Record extracts>
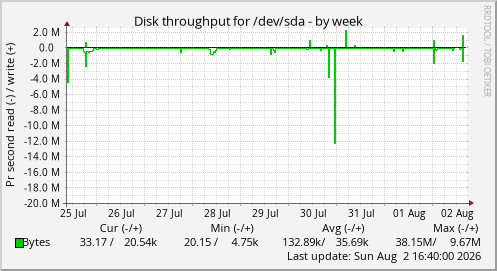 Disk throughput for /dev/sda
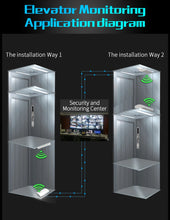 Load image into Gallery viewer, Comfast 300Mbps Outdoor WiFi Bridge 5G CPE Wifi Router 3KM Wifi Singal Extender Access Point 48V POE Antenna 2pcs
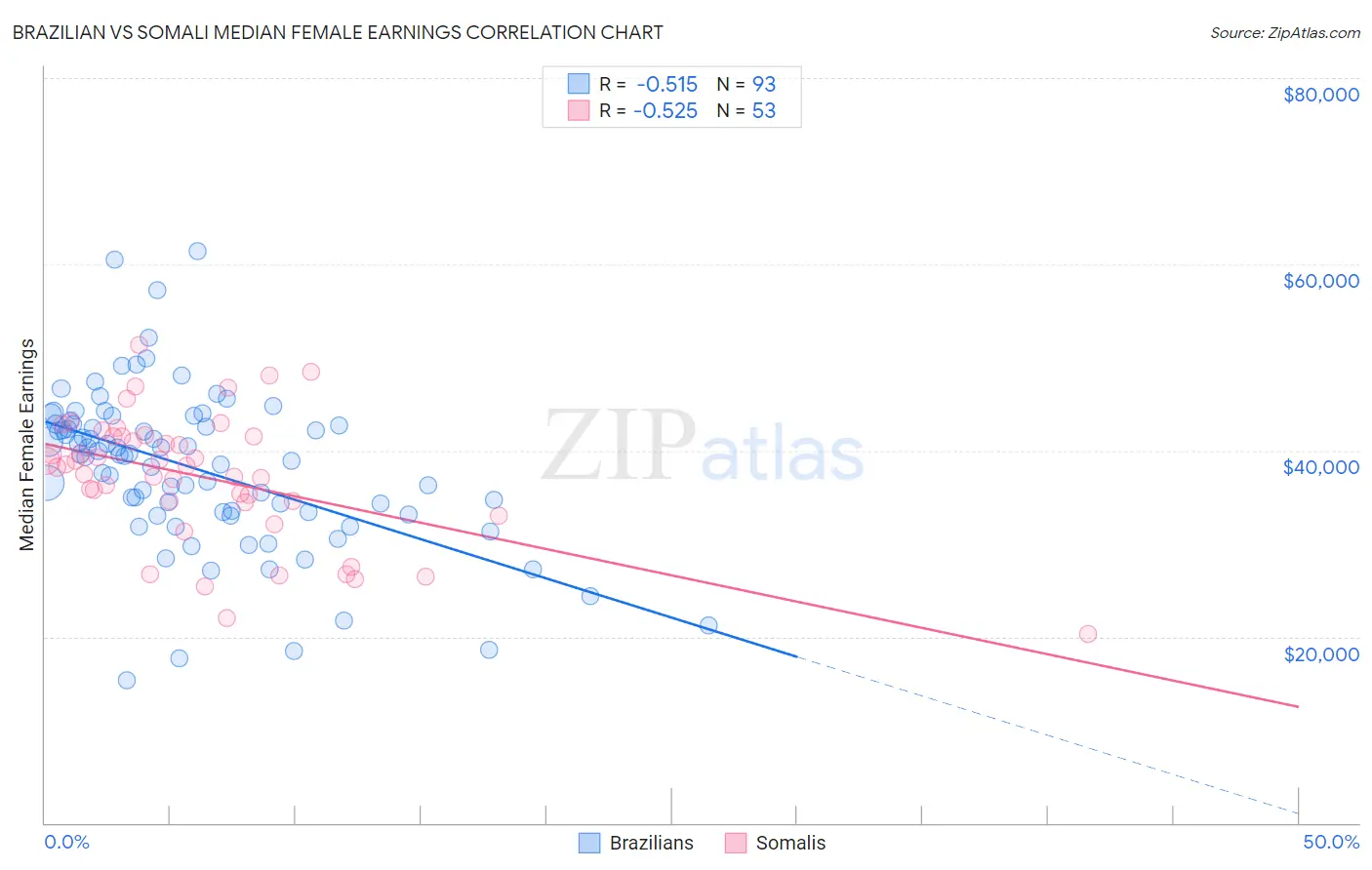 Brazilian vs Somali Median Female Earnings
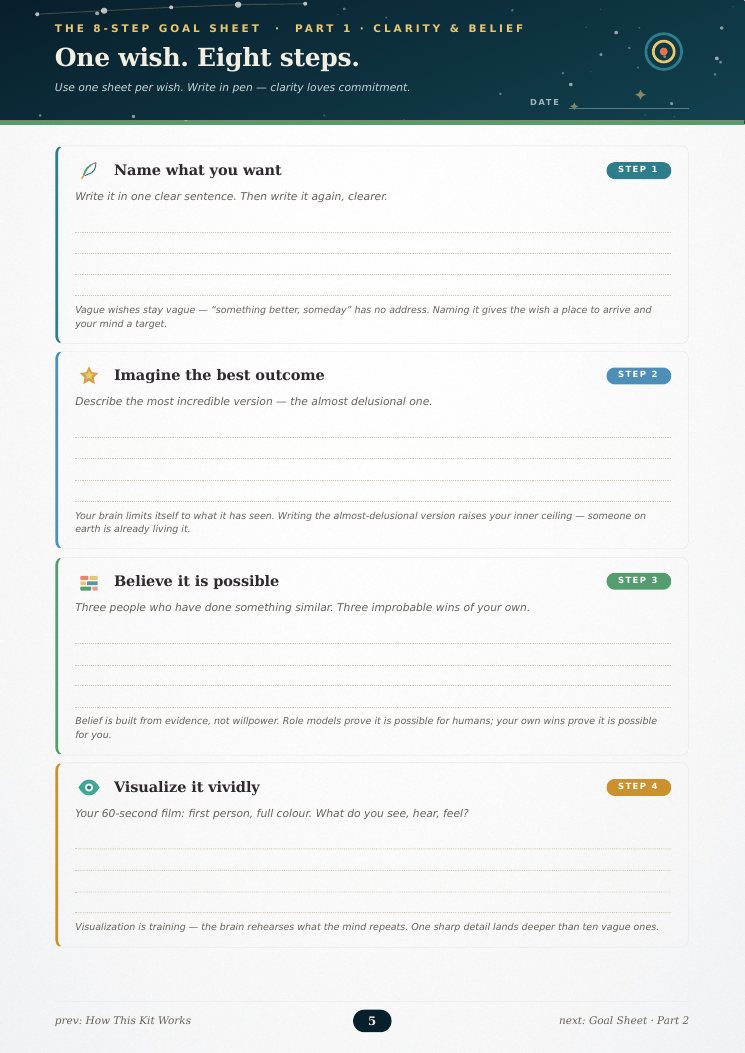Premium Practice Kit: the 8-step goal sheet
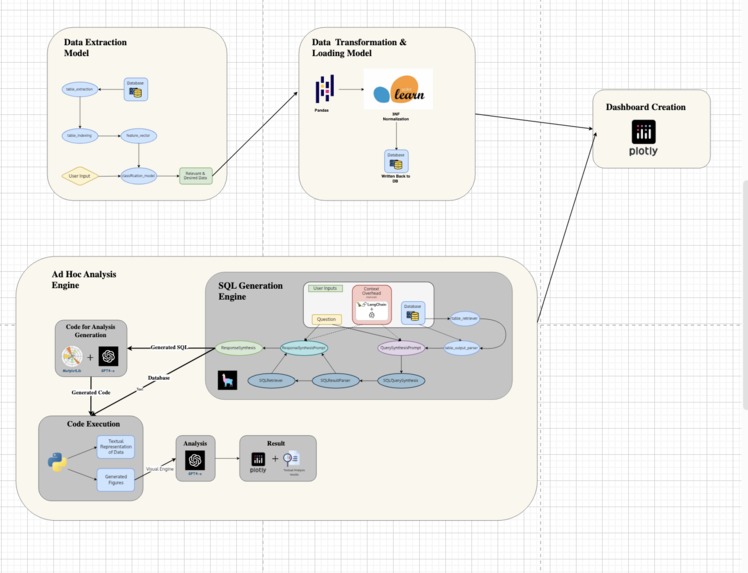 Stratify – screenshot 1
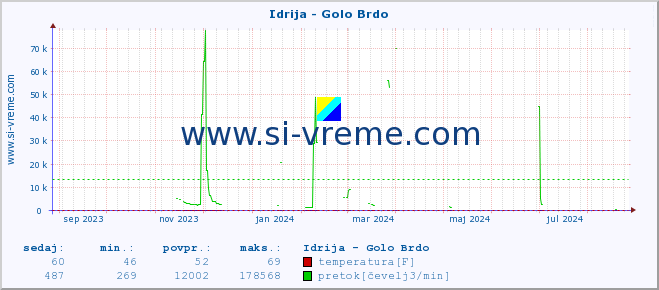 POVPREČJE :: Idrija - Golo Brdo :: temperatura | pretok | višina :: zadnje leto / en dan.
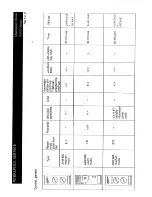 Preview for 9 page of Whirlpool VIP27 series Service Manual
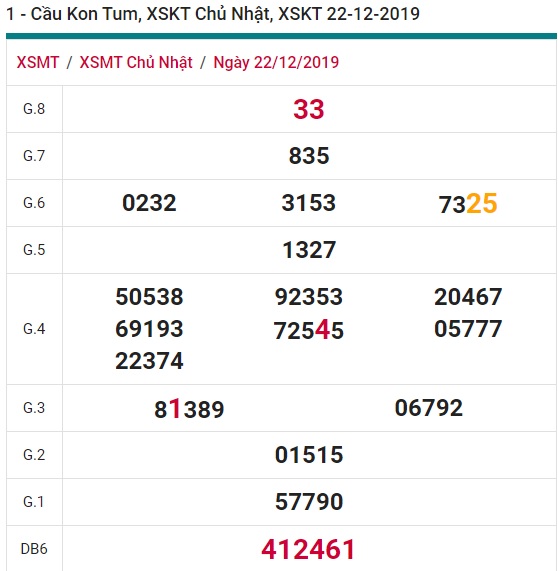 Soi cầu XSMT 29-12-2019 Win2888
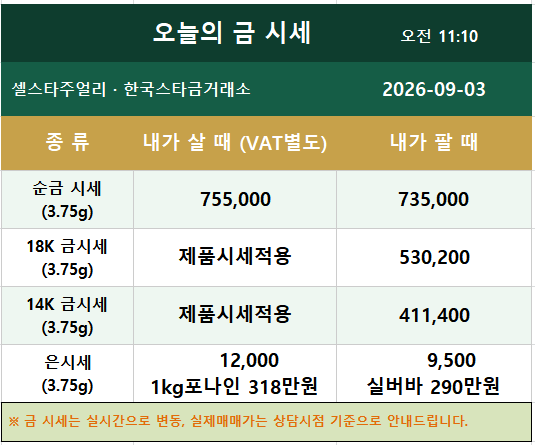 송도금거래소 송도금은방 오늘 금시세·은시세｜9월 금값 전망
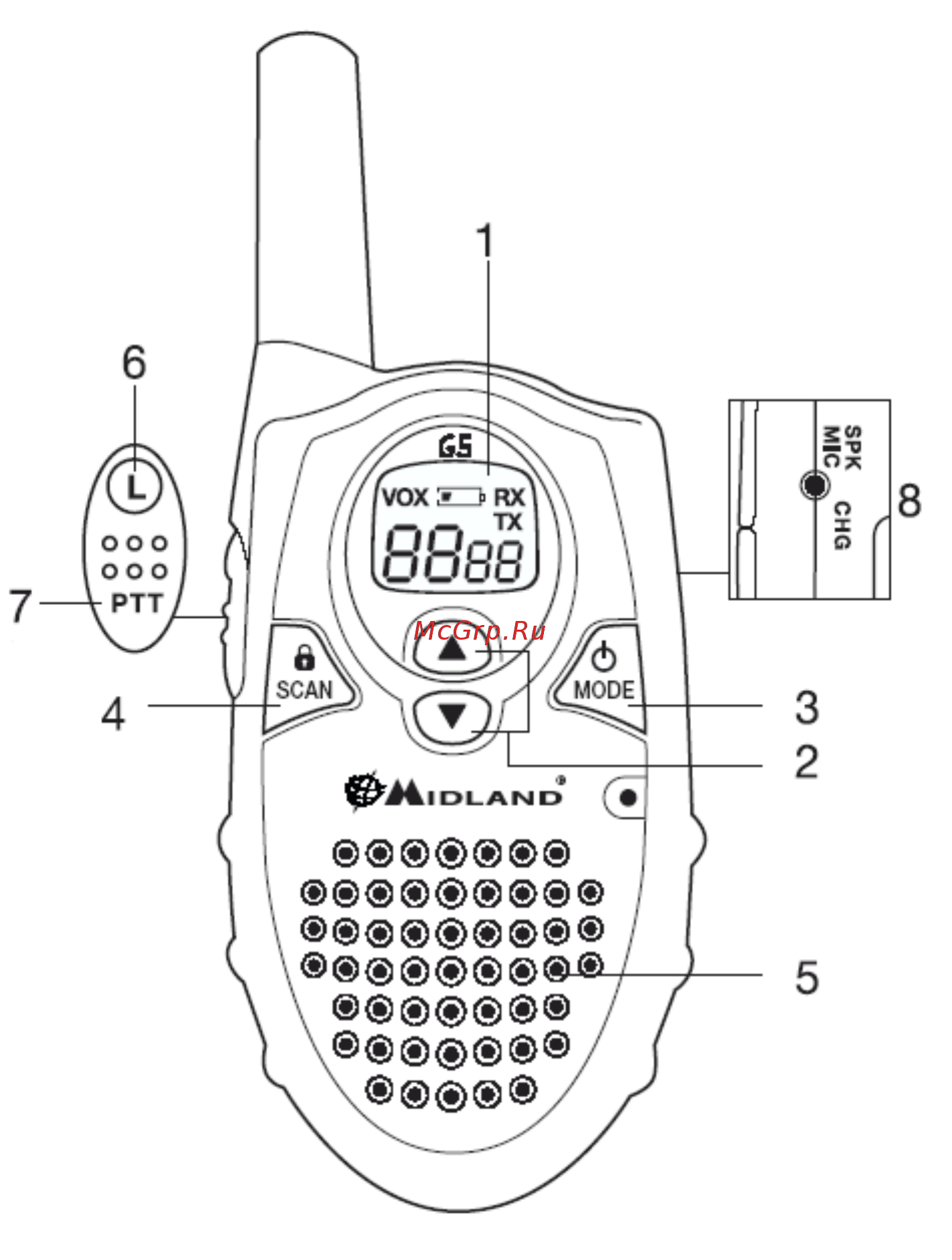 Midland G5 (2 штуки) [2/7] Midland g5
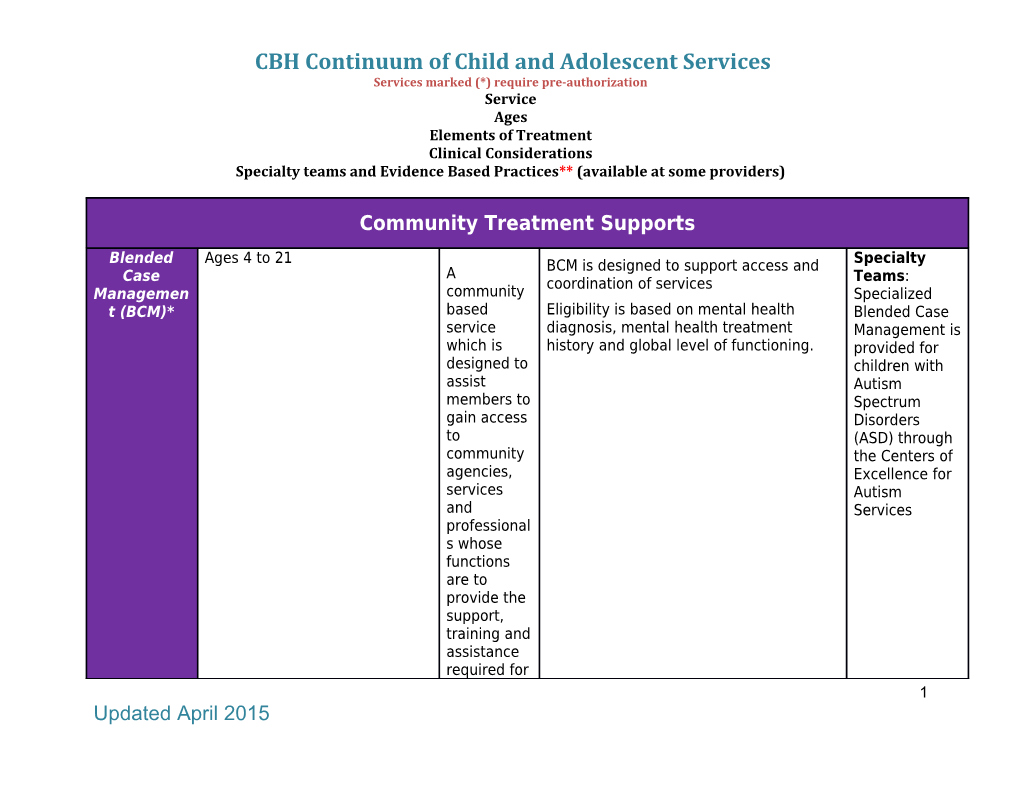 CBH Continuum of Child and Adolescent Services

Problem details> The response is the full listing, copied exactly, with the pictures omitted.

Answer space>
 Disk throughput for /dev/sda
 Load image into Gallery viewer, Comfast 300Mbps Outdoor WiFi Bridge 5G CPE Wifi Router 3KM Wifi Singal Extender Access Point 48V POE Antenna 2pcs
 Brazilian vs Somali Median Female Earnings
Premium Practice Kit: the 8-step goal sheet
 Stratify – screenshot 1
 POVPREČJE :: Idrija - Golo Brdo :: temperatura | pretok | višina :: zadnje leto / en dan.
 Preview for 9 page of Whirlpool VIP27 series Service Manual
 Soi cầu XSMT 29-12-2019 Win2888
 송도금거래소 송도금은방 오늘 금시세·은시세｜9월 금값 전망
 Midland G5 (2 штуки) [2/7] Midland g5
 CBH Continuum of Child and Adolescent Services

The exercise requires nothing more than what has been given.